> _Provided information_

..........

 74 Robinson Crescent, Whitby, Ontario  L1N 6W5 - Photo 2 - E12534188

..........

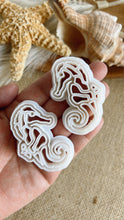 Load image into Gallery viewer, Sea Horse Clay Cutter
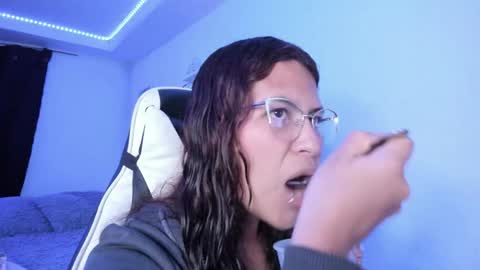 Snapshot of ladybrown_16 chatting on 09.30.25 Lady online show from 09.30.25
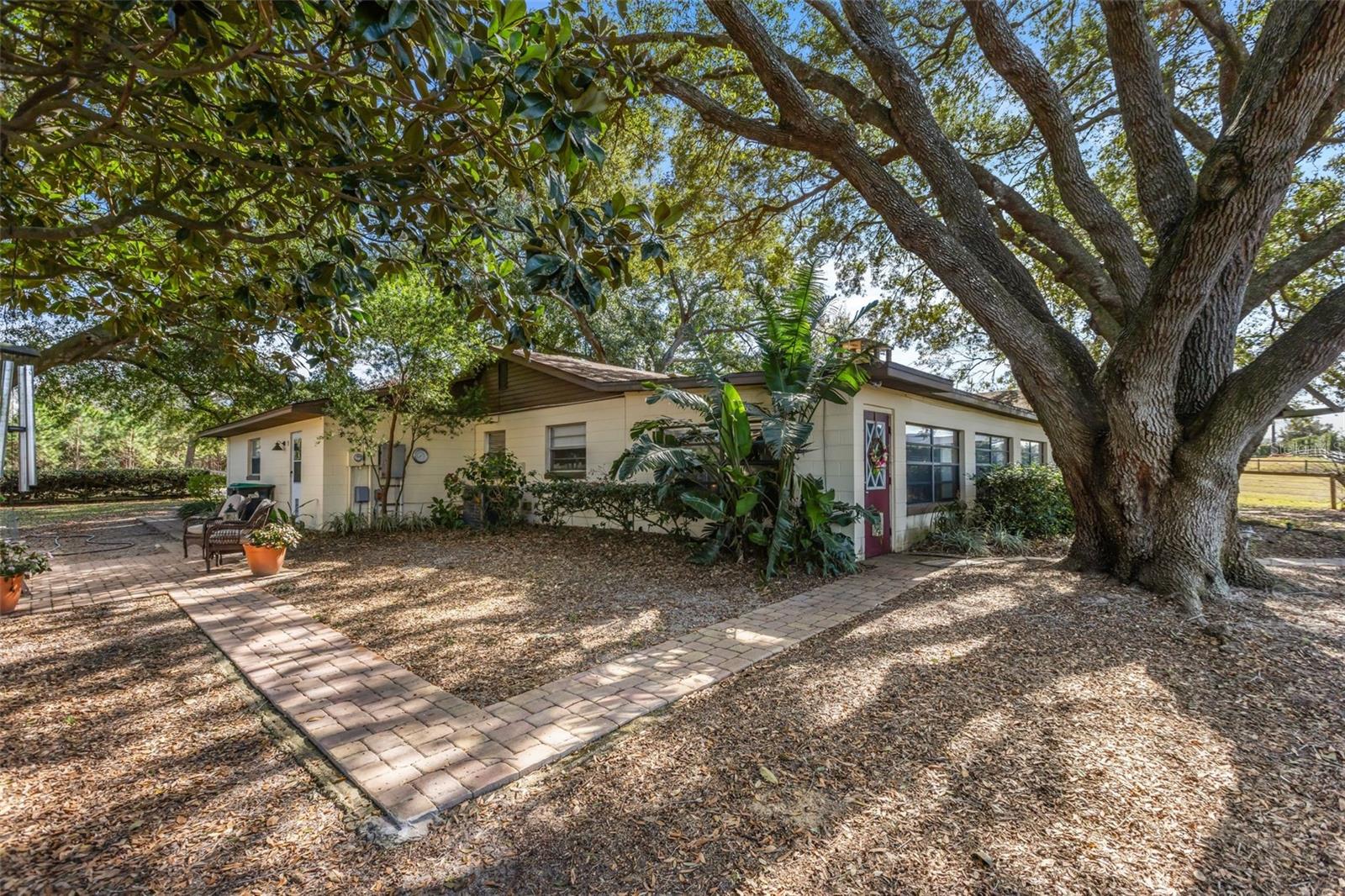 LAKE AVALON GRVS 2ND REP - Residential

..........

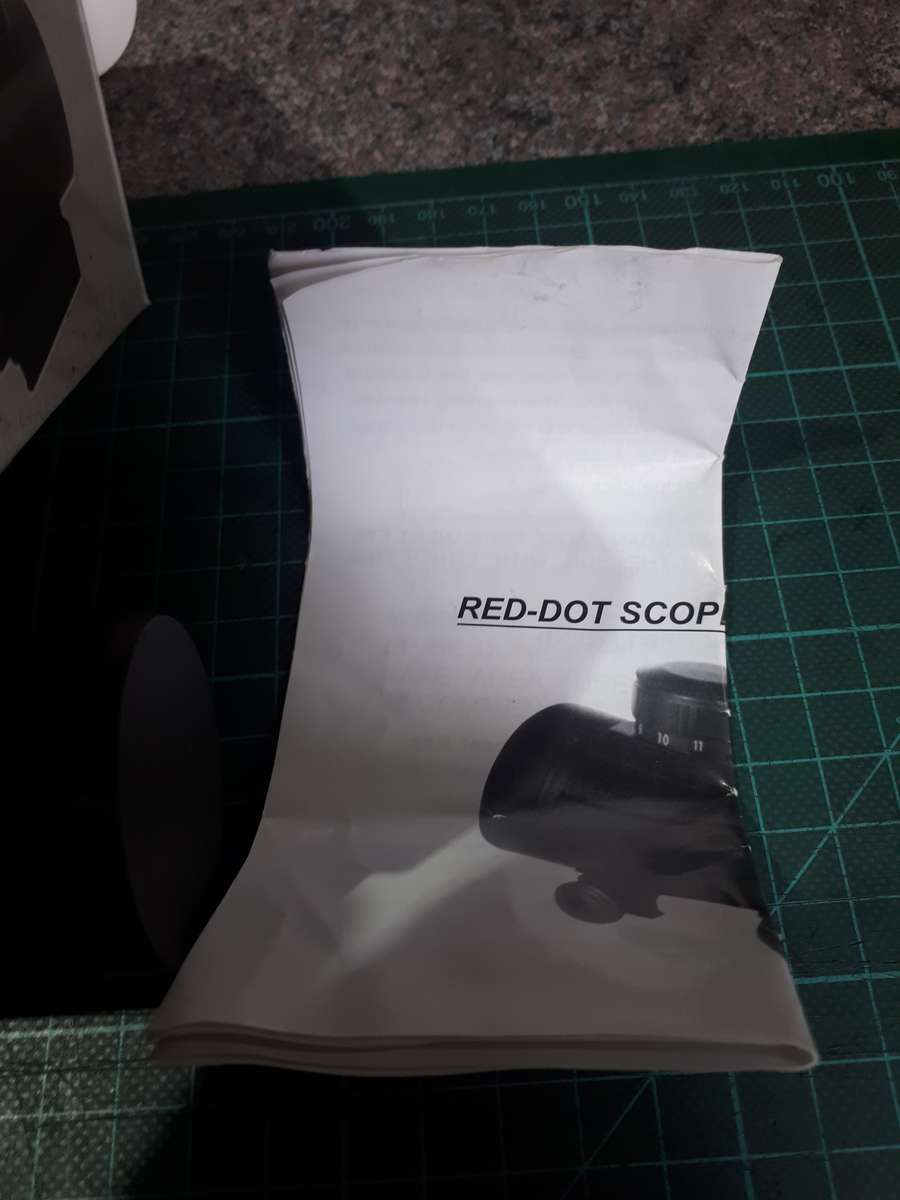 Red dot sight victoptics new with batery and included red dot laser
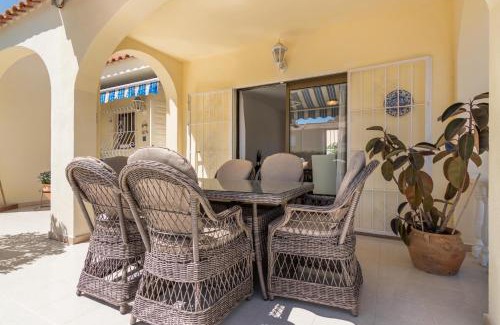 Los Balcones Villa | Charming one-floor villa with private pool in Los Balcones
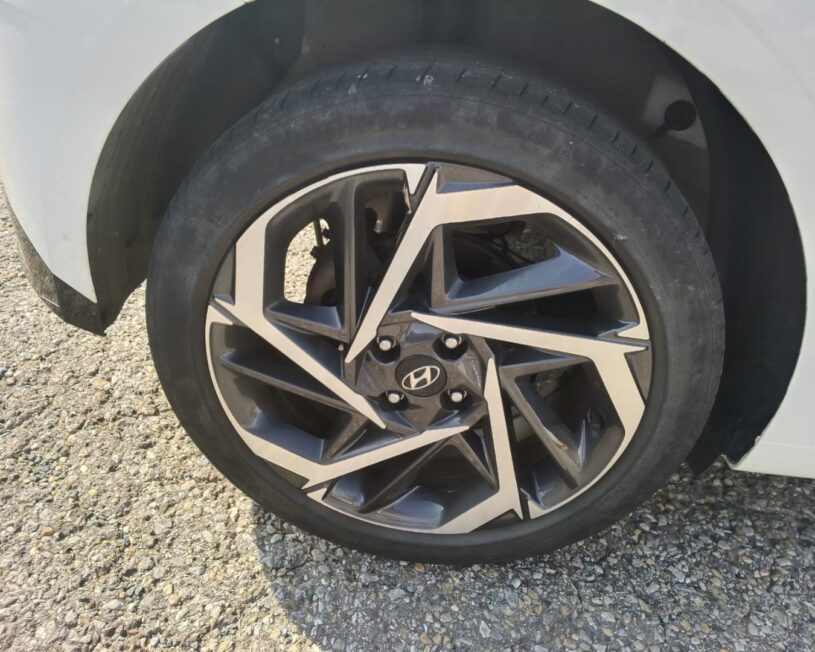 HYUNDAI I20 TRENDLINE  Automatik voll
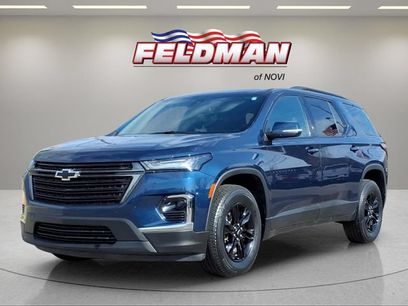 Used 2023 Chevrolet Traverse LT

..........

> _Activity_
Drop the pictures; return the lines above from the line containing "Red dot sight" to the line containing "Used 2023 Chevrolet Traverse LT", both included, exactly.

> _Written solution_
 Red dot sight victoptics new with batery and included red dot laser
 Los Balcones Villa | Charming one-floor villa with private pool in Los Balcones
 HYUNDAI I20 TRENDLINE  Automatik voll
 Used 2023 Chevrolet Traverse LT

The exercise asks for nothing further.